- Interactive map of Delap Cemetery

Details
- Location: De Lap Lane, Campbell County, Tennessee
- Country: United States
- Coordinates: 36°21′01″N 84°09′43″W﻿ / ﻿36.3503934°N 84.1620820°W
- No. of graves: >150
- Find a Grave: Delap Cemetery

= Delap Cemetery =

Historic cemetery in Campbell County, Tennessee, US

Delap Cemetery (or De Lap Cemetery) is a Civil War cemetery located on De Lap Lane (off Ellison Road) in Campbell County, Tennessee. It contains the graves of approximately 150 Confederate soldiers who died while camped near the base of Pine Mountain in the Jacksboro, Tennessee, area. The cemetery also family members from the nearby community of De Lap.

The soldiers included members of North Carolina's 58th Regiment of the Confederate Army. The regiment had been formed at Camp Martin in Mitchell County, North Carolina. They had traveled from Cumberland Gap to Jacksboro, and were assigned to guard Big Creek Gap. There were approximately 1,000 soldiers camped at Jacksboro. In addition to North Carolina, there were soldiers from Tennessee and Alabama.
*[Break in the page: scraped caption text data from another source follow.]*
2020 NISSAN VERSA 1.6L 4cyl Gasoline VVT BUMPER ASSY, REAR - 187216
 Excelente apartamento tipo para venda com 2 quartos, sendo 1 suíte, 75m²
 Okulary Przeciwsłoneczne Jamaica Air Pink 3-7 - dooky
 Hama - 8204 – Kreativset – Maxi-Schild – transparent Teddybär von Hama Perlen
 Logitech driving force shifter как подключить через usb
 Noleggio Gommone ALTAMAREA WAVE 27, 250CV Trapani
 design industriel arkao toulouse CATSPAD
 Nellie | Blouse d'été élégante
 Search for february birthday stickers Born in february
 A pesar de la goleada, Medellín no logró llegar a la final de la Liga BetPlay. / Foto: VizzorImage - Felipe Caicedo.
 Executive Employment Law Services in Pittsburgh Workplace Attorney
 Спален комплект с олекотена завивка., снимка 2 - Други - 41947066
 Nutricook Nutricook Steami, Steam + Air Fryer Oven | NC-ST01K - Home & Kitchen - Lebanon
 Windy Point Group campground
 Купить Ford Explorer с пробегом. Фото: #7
The cemetery was kept up until the 1960s, but had fallen into disrepair. While the plot of land was known to be a cemetery due to the sunken graves, knowledge that it was a military burial ground had been lost. Since Campbell County was strongly pro-Union in sentiment, there was no knowledge of a C.S.A. burial ground. However, a North Carolina descendant of one of the soldiers visited Campbell County in December 2002 and produced documents verifying the deaths of 50 soldiers at the base of Pine Mountain. After her visit, the local community began work to clear the cemetery.

Fifty military tombstones have been set up at the cemetery. Tennessee’s Sons of Confederate Veterans’ Longstreeet–Zollicoffer Camp # 87 raised the funds for the tombstones. The cemetery was rededicated on June 11, 2005.